PROBLEM DESCRIPTION: Give back every record that follows, exactly as written.

Scraped caption text data:
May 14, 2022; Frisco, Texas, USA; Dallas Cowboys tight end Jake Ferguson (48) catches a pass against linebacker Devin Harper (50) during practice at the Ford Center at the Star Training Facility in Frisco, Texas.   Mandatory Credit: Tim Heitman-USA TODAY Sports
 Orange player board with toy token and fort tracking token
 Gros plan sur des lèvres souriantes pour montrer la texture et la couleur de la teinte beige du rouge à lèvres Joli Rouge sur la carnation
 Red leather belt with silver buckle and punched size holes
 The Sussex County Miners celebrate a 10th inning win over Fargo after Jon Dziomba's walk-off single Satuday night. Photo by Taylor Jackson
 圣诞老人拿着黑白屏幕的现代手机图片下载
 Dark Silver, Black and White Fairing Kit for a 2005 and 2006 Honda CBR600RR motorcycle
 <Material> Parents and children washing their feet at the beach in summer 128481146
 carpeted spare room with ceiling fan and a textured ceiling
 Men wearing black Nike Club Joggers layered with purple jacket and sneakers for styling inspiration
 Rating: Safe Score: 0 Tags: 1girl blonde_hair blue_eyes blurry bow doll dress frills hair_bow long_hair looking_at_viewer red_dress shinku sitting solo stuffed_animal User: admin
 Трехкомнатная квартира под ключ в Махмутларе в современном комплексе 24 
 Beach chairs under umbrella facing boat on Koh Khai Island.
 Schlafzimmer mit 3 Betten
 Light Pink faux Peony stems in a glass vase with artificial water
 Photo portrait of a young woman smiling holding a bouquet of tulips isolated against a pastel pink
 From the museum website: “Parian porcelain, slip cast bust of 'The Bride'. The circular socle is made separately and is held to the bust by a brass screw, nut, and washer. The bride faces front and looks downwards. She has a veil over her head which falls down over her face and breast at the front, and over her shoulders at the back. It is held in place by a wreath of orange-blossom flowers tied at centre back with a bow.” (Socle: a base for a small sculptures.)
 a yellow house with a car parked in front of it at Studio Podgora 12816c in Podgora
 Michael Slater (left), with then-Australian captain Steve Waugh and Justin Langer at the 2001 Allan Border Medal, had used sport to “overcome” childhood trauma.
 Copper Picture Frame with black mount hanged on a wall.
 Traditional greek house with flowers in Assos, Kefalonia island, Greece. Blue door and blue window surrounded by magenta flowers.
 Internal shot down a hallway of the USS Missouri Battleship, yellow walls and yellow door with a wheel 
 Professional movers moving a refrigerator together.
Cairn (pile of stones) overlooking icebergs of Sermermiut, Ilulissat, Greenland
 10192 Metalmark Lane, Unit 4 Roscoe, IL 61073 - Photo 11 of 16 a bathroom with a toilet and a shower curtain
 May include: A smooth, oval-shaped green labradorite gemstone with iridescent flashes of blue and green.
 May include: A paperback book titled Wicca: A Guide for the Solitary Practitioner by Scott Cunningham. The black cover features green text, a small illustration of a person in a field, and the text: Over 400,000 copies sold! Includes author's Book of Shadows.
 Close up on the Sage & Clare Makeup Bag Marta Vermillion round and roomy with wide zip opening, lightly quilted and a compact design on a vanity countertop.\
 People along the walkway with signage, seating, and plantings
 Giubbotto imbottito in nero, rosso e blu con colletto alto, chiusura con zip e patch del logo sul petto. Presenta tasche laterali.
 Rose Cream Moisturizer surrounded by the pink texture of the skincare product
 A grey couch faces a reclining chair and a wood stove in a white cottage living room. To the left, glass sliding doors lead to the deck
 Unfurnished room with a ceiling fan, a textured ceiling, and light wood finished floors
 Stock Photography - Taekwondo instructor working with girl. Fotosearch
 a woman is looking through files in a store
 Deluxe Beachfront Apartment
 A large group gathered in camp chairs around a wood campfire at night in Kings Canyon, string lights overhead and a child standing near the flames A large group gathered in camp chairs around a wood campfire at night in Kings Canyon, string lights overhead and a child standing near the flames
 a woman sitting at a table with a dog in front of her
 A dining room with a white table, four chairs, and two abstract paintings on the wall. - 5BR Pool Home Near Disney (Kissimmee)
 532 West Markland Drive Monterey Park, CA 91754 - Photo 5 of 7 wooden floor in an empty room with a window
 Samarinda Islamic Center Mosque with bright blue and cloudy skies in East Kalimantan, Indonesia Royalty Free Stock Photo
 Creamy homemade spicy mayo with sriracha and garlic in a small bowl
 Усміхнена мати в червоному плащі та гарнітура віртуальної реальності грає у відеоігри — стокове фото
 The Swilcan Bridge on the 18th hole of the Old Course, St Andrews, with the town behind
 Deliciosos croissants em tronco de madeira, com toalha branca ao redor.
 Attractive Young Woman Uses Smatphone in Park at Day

RESULT OF THE EXERCISE:
May 14, 2022; Frisco, Texas, USA; Dallas Cowboys tight end Jake Ferguson (48) catches a pass against linebacker Devin Harper (50) during practice at the Ford Center at the Star Training Facility in Frisco, Texas.   Mandatory Credit: Tim Heitman-USA TODAY Sports
 Orange player board with toy token and fort tracking token
 Gros plan sur des lèvres souriantes pour montrer la texture et la couleur de la teinte beige du rouge à lèvres Joli Rouge sur la carnation
 Red leather belt with silver buckle and punched size holes
 The Sussex County Miners celebrate a 10th inning win over Fargo after Jon Dziomba's walk-off single Satuday night. Photo by Taylor Jackson
 圣诞老人拿着黑白屏幕的现代手机图片下载
 Dark Silver, Black and White Fairing Kit for a 2005 and 2006 Honda CBR600RR motorcycle
 <Material> Parents and children washing their feet at the beach in summer 128481146
 carpeted spare room with ceiling fan and a textured ceiling
 Men wearing black Nike Club Joggers layered with purple jacket and sneakers for styling inspiration
 Rating: Safe Score: 0 Tags: 1girl blonde_hair blue_eyes blurry bow doll dress frills hair_bow long_hair looking_at_viewer red_dress shinku sitting solo stuffed_animal User: admin
 Трехкомнатная квартира под ключ в Махмутларе в современном комплексе 24 
 Beach chairs under umbrella facing boat on Koh Khai Island.
 Schlafzimmer mit 3 Betten
 Light Pink faux Peony stems in a glass vase with artificial water
 Photo portrait of a young woman smiling holding a bouquet of tulips isolated against a pastel pink
 From the museum website: “Parian porcelain, slip cast bust of 'The Bride'. The circular socle is made separately and is held to the bust by a brass screw, nut, and washer. The bride faces front and looks downwards. She has a veil over her head which falls down over her face and breast at the front, and over her shoulders at the back. It is held in place by a wreath of orange-blossom flowers tied at centre back with a bow.” (Socle: a base for a small sculptures.)
 a yellow house with a car parked in front of it at Studio Podgora 12816c in Podgora
 Michael Slater (left), with then-Australian captain Steve Waugh and Justin Langer at the 2001 Allan Border Medal, had used sport to “overcome” childhood trauma.
 Copper Picture Frame with black mount hanged on a wall.
 Traditional greek house with flowers in Assos, Kefalonia island, Greece. Blue door and blue window surrounded by magenta flowers.
 Internal shot down a hallway of the USS Missouri Battleship, yellow walls and yellow door with a wheel 
 Professional movers moving a refrigerator together.
Cairn (pile of stones) overlooking icebergs of Sermermiut, Ilulissat, Greenland
 10192 Metalmark Lane, Unit 4 Roscoe, IL 61073 - Photo 11 of 16 a bathroom with a toilet and a shower curtain
 May include: A smooth, oval-shaped green labradorite gemstone with iridescent flashes of blue and green.
 May include: A paperback book titled Wicca: A Guide for the Solitary Practitioner by Scott Cunningham. The black cover features green text, a small illustration of a person in a field, and the text: Over 400,000 copies sold! Includes author's Book of Shadows.
 Close up on the Sage & Clare Makeup Bag Marta Vermillion round and roomy with wide zip opening, lightly quilted and a compact design on a vanity countertop.\
 People along the walkway with signage, seating, and plantings
 Giubbotto imbottito in nero, rosso e blu con colletto alto, chiusura con zip e patch del logo sul petto. Presenta tasche laterali.
 Rose Cream Moisturizer surrounded by the pink texture of the skincare product
 A grey couch faces a reclining chair and a wood stove in a white cottage living room. To the left, glass sliding doors lead to the deck
 Unfurnished room with a ceiling fan, a textured ceiling, and light wood finished floors
 Stock Photography - Taekwondo instructor working with girl. Fotosearch
 a woman is looking through files in a store
 Deluxe Beachfront Apartment
 A large group gathered in camp chairs around a wood campfire at night in Kings Canyon, string lights overhead and a child standing near the flames A large group gathered in camp chairs around a wood campfire at night in Kings Canyon, string lights overhead and a child standing near the flames
 a woman sitting at a table with a dog in front of her
 A dining room with a white table, four chairs, and two abstract paintings on the wall. - 5BR Pool Home Near Disney (Kissimmee)
 532 West Markland Drive Monterey Park, CA 91754 - Photo 5 of 7 wooden floor in an empty room with a window
 Samarinda Islamic Center Mosque with bright blue and cloudy skies in East Kalimantan, Indonesia Royalty Free Stock Photo
 Creamy homemade spicy mayo with sriracha and garlic in a small bowl
 Усміхнена мати в червоному плащі та гарнітура віртуальної реальності грає у відеоігри — стокове фото
 The Swilcan Bridge on the 18th hole of the Old Course, St Andrews, with the town behind
 Deliciosos croissants em tronco de madeira, com toalha branca ao redor.
 Attractive Young Woman Uses Smatphone in Park at Day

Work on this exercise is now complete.